Restaurant information
- Food type: Chinese
- Location: 617 South Jackson Street, Seattle, Washington, 98104, United States
- Coordinates: 47°35′56.6″N 122°19′32.2″W﻿ / ﻿47.599056°N 122.325611°W
- Website: dimsumkingwa.com

= Dim Sum King =

Chinese restaurant in Seattle, Washington, U.S.
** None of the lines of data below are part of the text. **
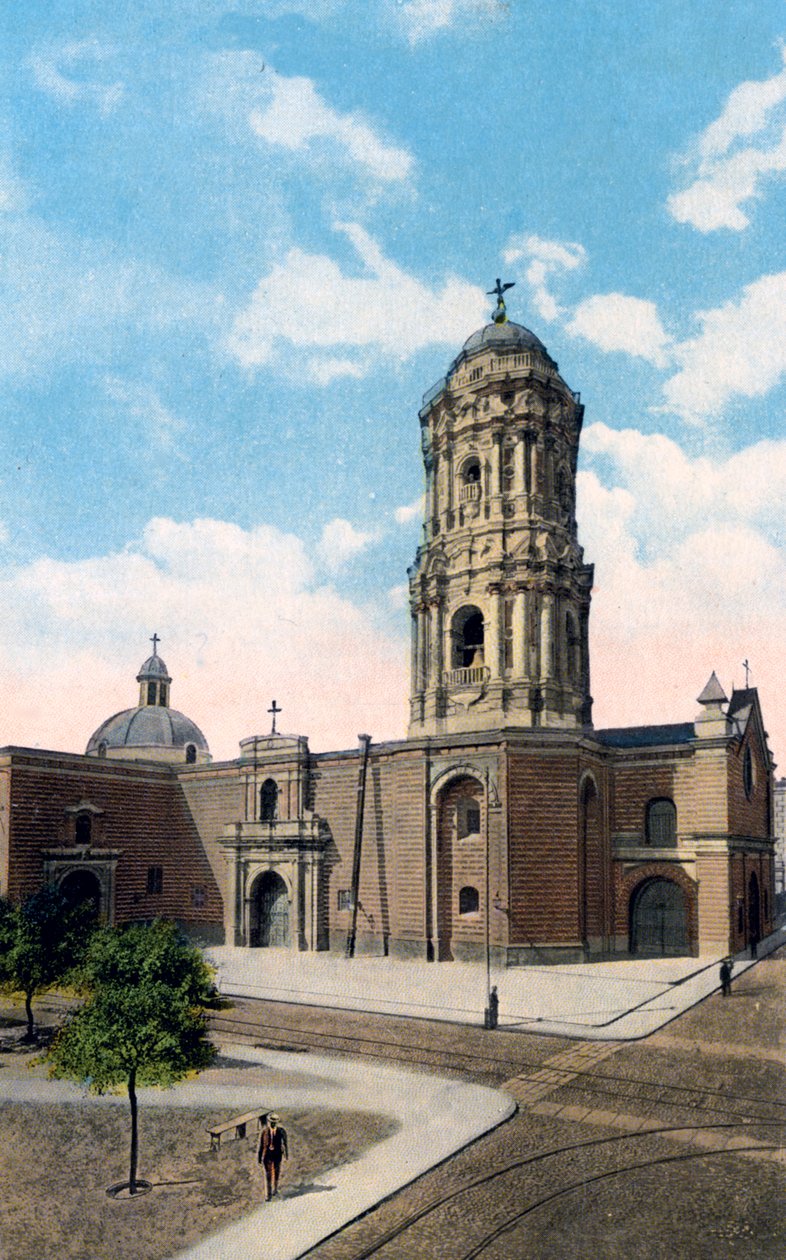 Santo Domingo Church and Monastery, Lima, Peru by Unbekannt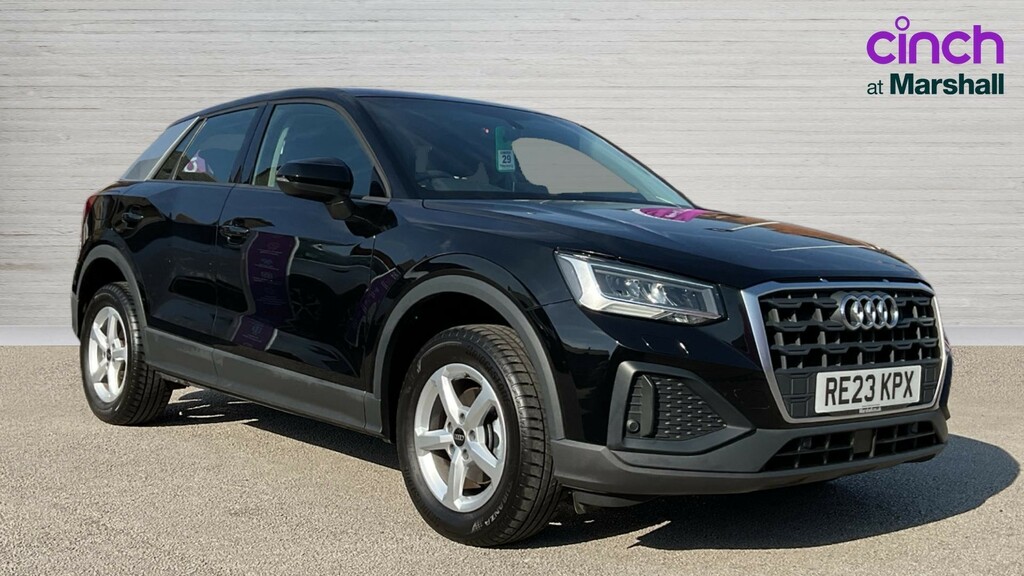 Audi Q2 Q2 30 Tfsi Technik Black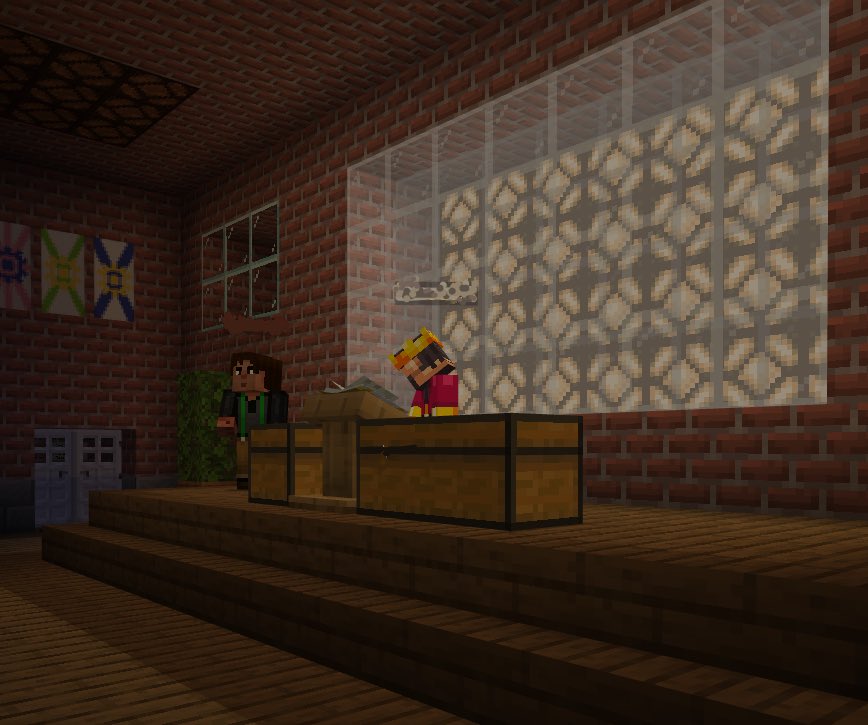 JefinnerL's tweet photo. So impressed with the student-created @PlayCraftLearn Graduation Ceremony world!🎉 An innovative & fitting venue for @cdsbeo_VLES Mr. Hendry & his Gr.8 students. #TogetherVirtually #CongratulationsGraduates2021 #MIEExpert @CDSBEO @English_Cath https://t.co/3BSzUtGnZf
Dim Sum King (點心皇 (点心皇)) is a Chinese restaurant in Seattle, in the U.S. state of Washington.

== Description ==
The restaurant offers dim sum a la carte; the menu has included thousand year egg congee and egg tarts. Seattle Refined's list of women-owned businesses says, "Fast service and inexpensive prices make this spot a go-to for people on the run with a craving for dumplings, buns and egg tarts."

== History ==
In 2020, the restaurant closed temporarily during the COVID-19 pandemic and was vandalized. The restaurant's exterior was painted by local artists. Additionally, a car crashed into the restaurant, injuring seven people.

== Reception ==
Leonardo David Raymundo and Ryan Lee included the restaurant in Eater Seattles 2021 list of "14 Delightful Dim Sum Restaurants in the Seattle Area". Dum Sum King was included in The Infatuation's 2025 list of the 25 best restaurants in the Chinatown–International District.